>1. I had a bunch of glaze drip off of a project and
>stick to the kiln shelf (I did use stilts). I tried
>chiseling it off and I cannot get it all off. I
>looked at some posts online and they suggested using a
>power chisel. I do not have access to one. Does
>anyone have any other ideas to save the kiln shelf?
>2. Also, we've been making clay looms. Most of them
>have turned out great, but we had a little problem
>with some of them breaking, because they are thin,
>flat pieces. Also, the holes sometimes got covered in
>while glazing (we tried poking through them with pins
>before firing, but some of the glaze still ran into
>it). Has anyone made clay looms before and have any
1. _ _ it happens. To remove glaze from shelves, I use a standard freshly sharpened stone chisel with a steel mallet (hammer). The chisel is re-sharpened with an electric grinder (dipping in water very frequently to prevent over heating that removes the hardness). A belt sander is also good for sharpening tools with less overheating than a grinder.
Set the shelf vertical on the floor so it is learning against the wall nearly vertical using a sponge behind it at the top edge (to cushion it a bit).

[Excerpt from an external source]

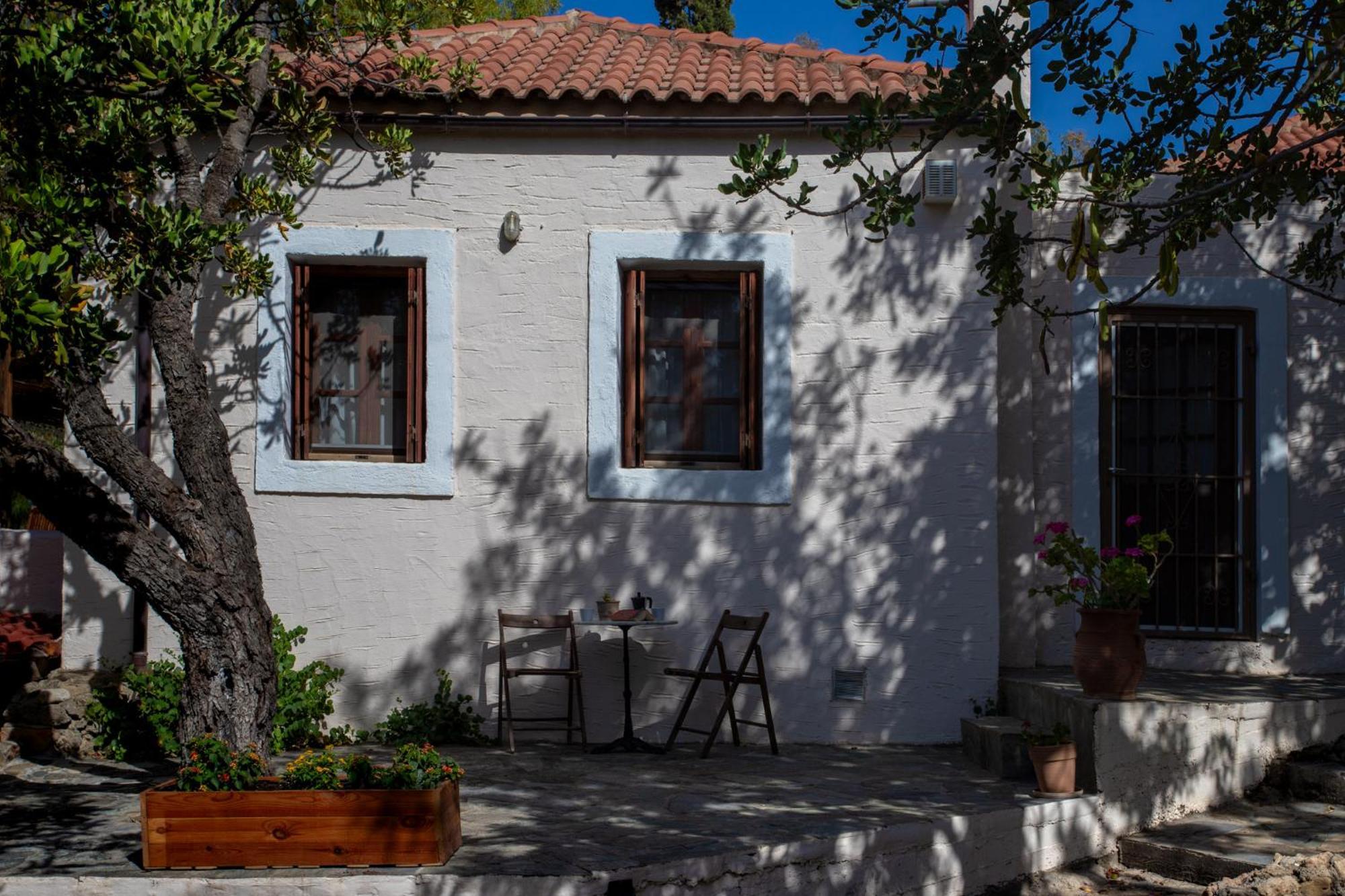 Sun&Sea Villas - Sea Vingláfia Kültér fotó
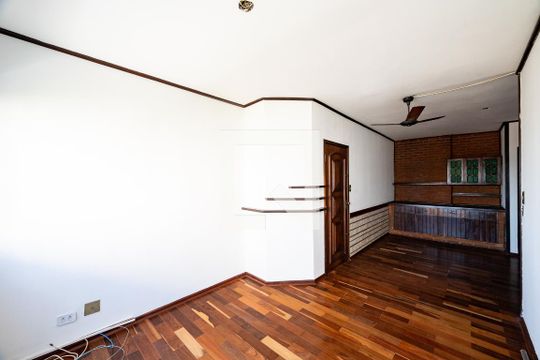 Sala de apartamento para alugar com 3 quartos, 80m² em Vila Mascote, São Paulo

Hold the chisel as vertical as possible so you do not break the shelf when you whack it. Keep whacking at the glaze globs harder and harder until the glaze breaks off. Turn the shelf as needed to hit the glaze from other directions. This may take a divot out of the shelf, but you can fill the divots with thick kiln wash. A hand held high speed electric grinder also works. Anyway you do it, it is a labor intensive job. ALWAYS wear eye protection.
If you cannot or choose not to remove the glaze. Cover it with heavy kiln wash mixed with some silica sand and fire it with the glaze still on the shelf. You can try again to chip it off after another firing. To prevent the problem next time, use more kiln wash on the shelves and less glaze on the pots. Also, be sure the kiln is not firing hotter than it would need to.
If I want to glaze an area with holes (like a salt shaker), I use wax resist to fill holes prior glazing. If holes are too large for wax, I fill them with wet paper wads prior to glazing. I poke these out and toss them before firing.